======== Entries shown ========

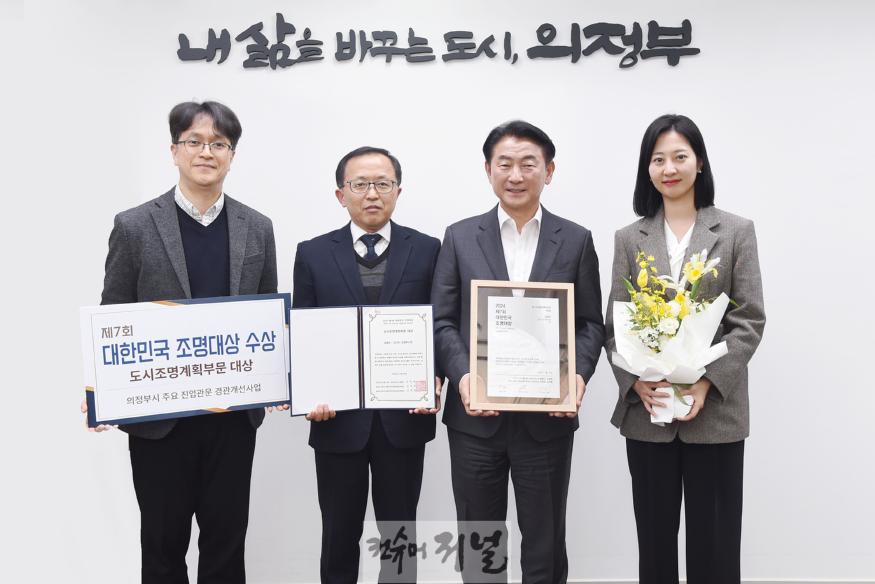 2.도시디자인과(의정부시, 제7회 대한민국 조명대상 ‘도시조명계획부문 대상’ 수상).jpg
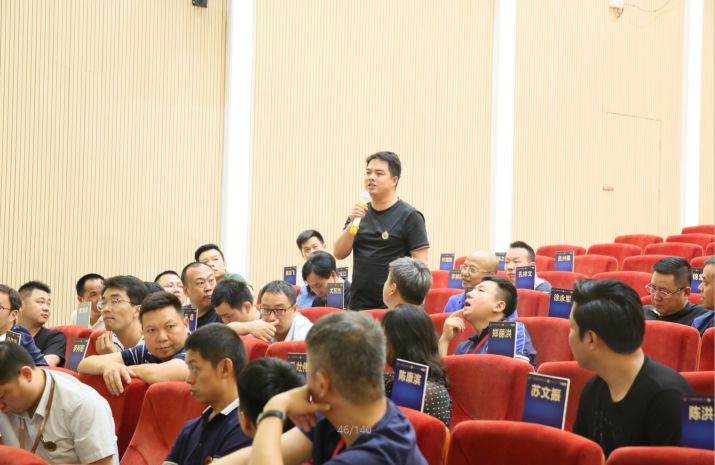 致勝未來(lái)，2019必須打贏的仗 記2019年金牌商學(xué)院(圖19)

========
======== Entries shown ========

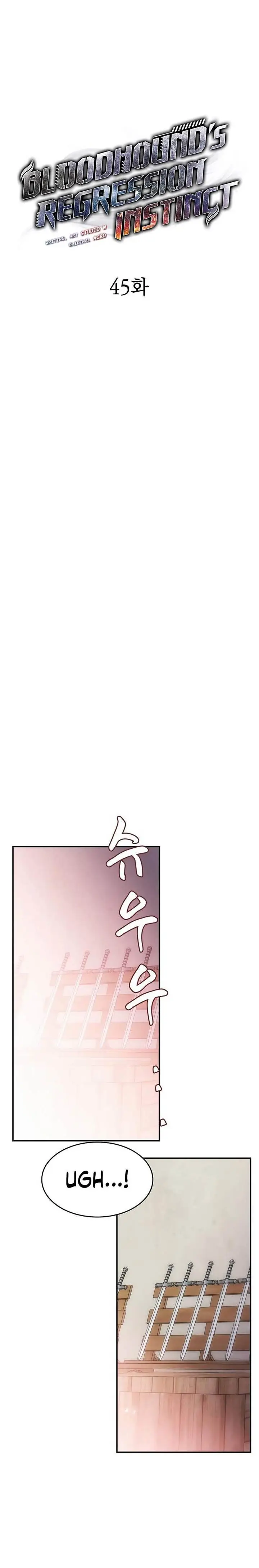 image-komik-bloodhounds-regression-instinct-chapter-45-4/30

========
======== Entries shown ========

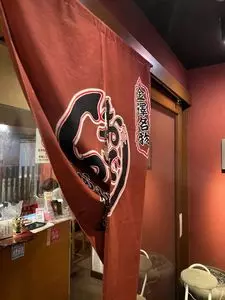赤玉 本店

========

Directions for this task:
Reproduce the listing above exactly from the line containing "2.도시디자인과(의정부시, 제7회 대한민국" up to and including the line containing "致勝未來(lái)，201", omitting any images and everything outside those lines.

Task answer:
 2.도시디자인과(의정부시, 제7회 대한민국 조명대상 ‘도시조명계획부문 대상’ 수상).jpg
 致勝未來(lái)，2019必須打贏的仗 記2019年金牌商學(xué)院(圖19)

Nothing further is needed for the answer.